Opinion: Staying on the clean side of humor


Several sports heroes’ careers have been tarnished following allegations they were using performance-improving drugs. During the recent Olympics, some athletes were similarly accused.

As a newspaper columnist, I’m proud of what I’ve written, unassisted by any humor-enhancing drugs or whimsy-producing substances. Many humor columnists have on their bookshelves, “Milton Berle’s Personal Jokebook,” the “Complete Works of Henny Youngman” and the Acapulco Gold of humor, “Bob Hope’s Greatest One-Liners (unabridged).” I fought temptation through the years as I constantly wondered where my next laugh was coming from. I hung around Barnes & Noble and Borders. I haunted Books-A-Million, where I knew I could buy cracks at a good price.

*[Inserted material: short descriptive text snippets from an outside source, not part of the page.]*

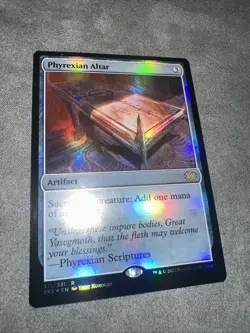 1x Phyrexian Altar ✨FOIL✨ Double Masters 2022 (311) MTG NM Near Mint - Image 5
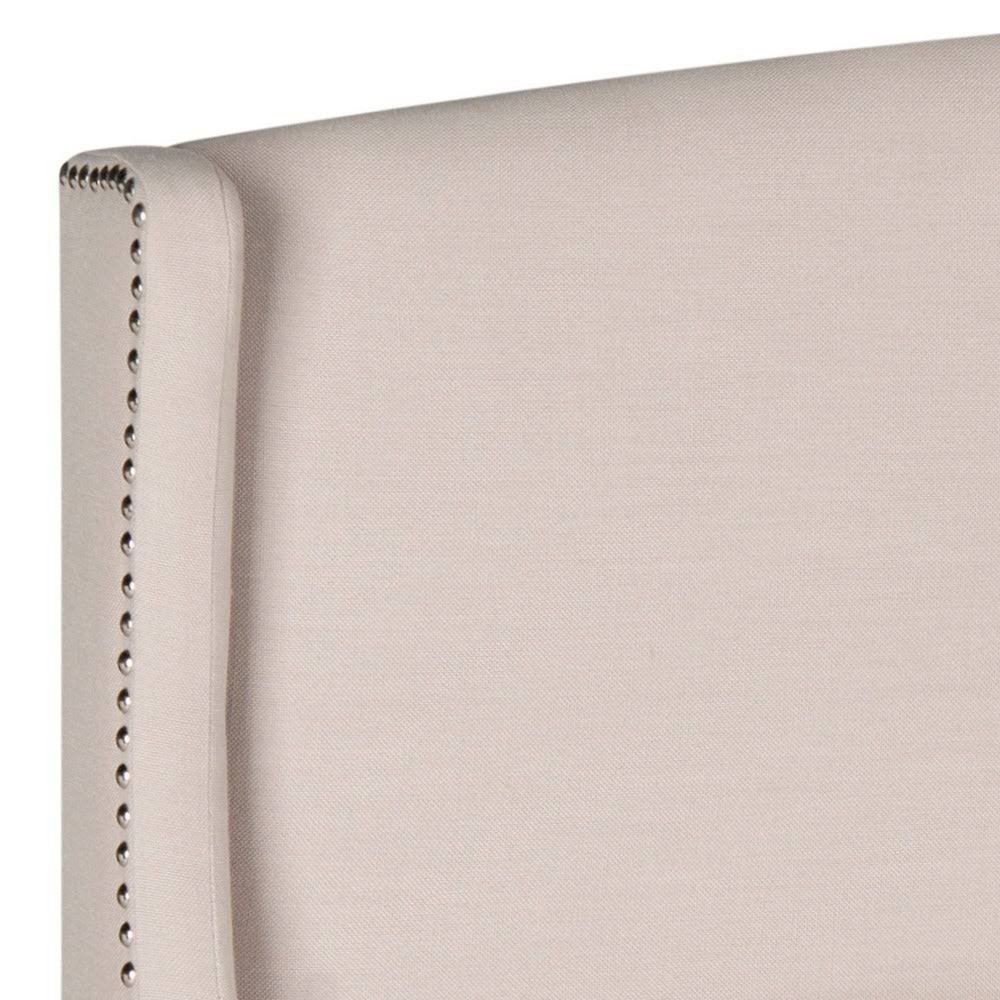 Queen Headboard in Taupe V8564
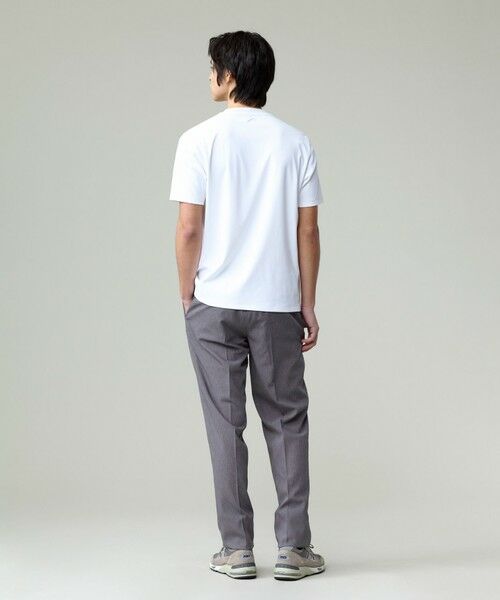 J.PRESS / ジェイプレス カットソー | 温度に寄り添う服。3シーズンこれ1着【調温機能 / 接触冷感】コンフォーマークルーネック Tシャツ | 詳細3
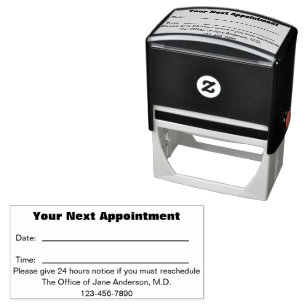 Doctor's Office Your Next Appointment Reminder Self-inking Stamp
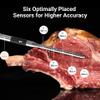 ThermoMaven Smart Bluetooth Wireless Meat Thermometer: Standalone Base, WiFi Unlimited Range, 6 Sensors with NIST Certified Accuracy, 4 Probes for Kitchen, BBQ, Grill, Oven, Smoker, Rotisserie view 3
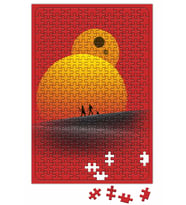 Star Wars Under The Suns Puzzle 240 Parça Yapboz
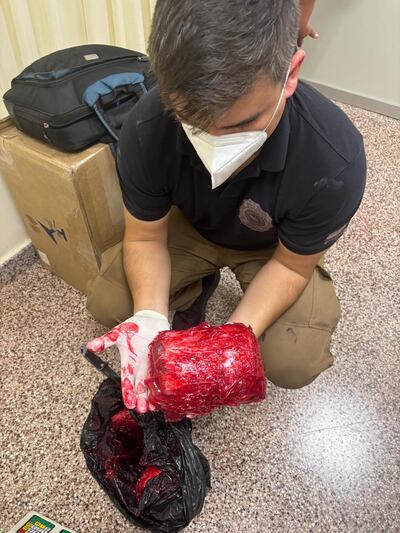 Marihuana tipo WAX incautada en Minga Guazú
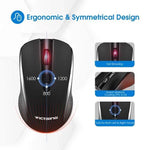 🦅In stock️Vicsting Wireless Bluetooth Keyboard and Mouse 🖱️ Set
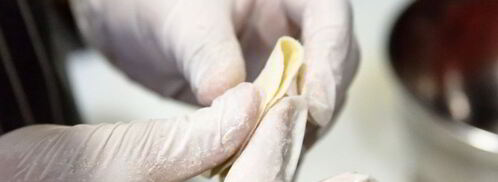 домашние пельмени с телятиной. Шаг 7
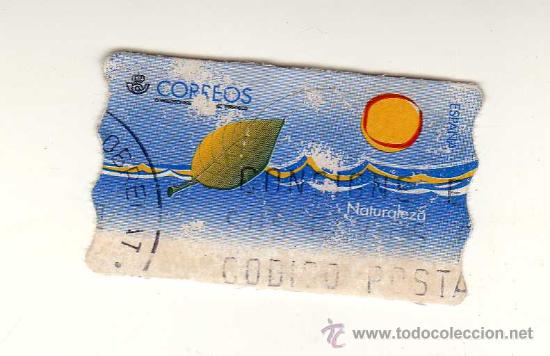 Briefmarken: SELLO USADO DE VALOR VARIABLE DEDICADO A LA NATURALEZA Y EMITIDO EN MAYO DE 1997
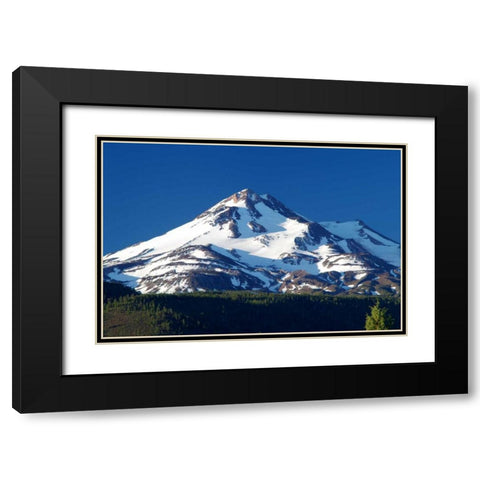 Solstice Sunrise Black Modern Wood Framed Art Print with Double Matting by Taylor, Douglas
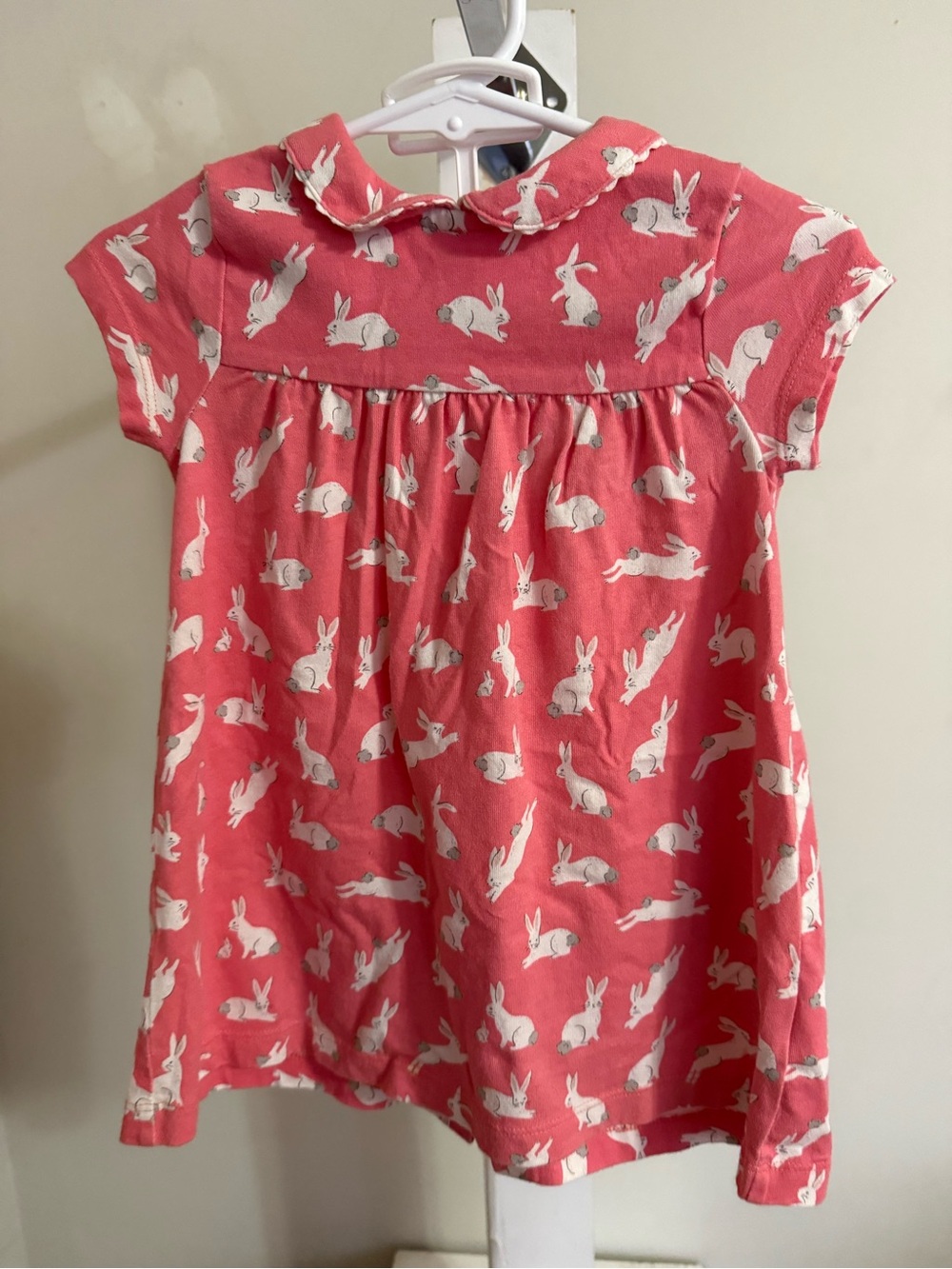 Baby Boden Bunny Dress & Ruffle Butt Diaper Cover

I even visited Half-Price Books, but you never know what you are buying at a place like that. Is the humor pure, or is it cut with bad stuff? I had a friend who overdosed on “The Pocket Rodney Dangerfield” back in the ’70s. He got caught doing Dangerfield jokes in a comedy club stand-up routine. He was kicked off stage. Talk about no respect.

Some may wonder, “How did Wolfsie write his column for almost 25 years? Maybe he’s hooked on something.” Tom Brady is hanging up his pads. Maybe Wolfsie should hang up his gags.

Once you’re dependent on other people’s humor, it’s hard to kick the habit. You may think you’ve conquered your demons, but before long you’re hiding Woody Allen quips on index cards in your office desk drawer.

When I first appeared on TV, I watched old Jerry Lewis movies and I mimicked a few of his routines on camera. Then one day I just stopped. I went cold jerky.

As I write my 1,100th column, I am proud of what I have accomplished. I didn’t reread Andy Rooney essays. I once took a Dave Barry book off my shelf, but I never opened it.

Other humorists have asked me for advice on how to quit pilfering jokes. I created a short quiz to assess their susceptibility to stealing from others. Here are two sample questions to assess their chances of a relapse.

I just got back from a pleasure trip.

  • I went to Vegas.
  • My wife and I cruised to Bermuda.
  • I took my mother-in-law to the airport.

My wife ran after the garbage truck. “Am I too late for a pick-up?” she screamed.

  • Yes, and we are not permitted to turn around.
  • No, just set it by the curb.
  • Of course not, jump in.

Anyone who answered C to both questions is on a slippery path. They are too weak to resist stolen zingers and one-liners. As of this week, I’ve avoided yielding to temptation for 6,752 days. But tomorrow, I’m going to begin reading Mel Brooks’ autobiography. Wish me luck.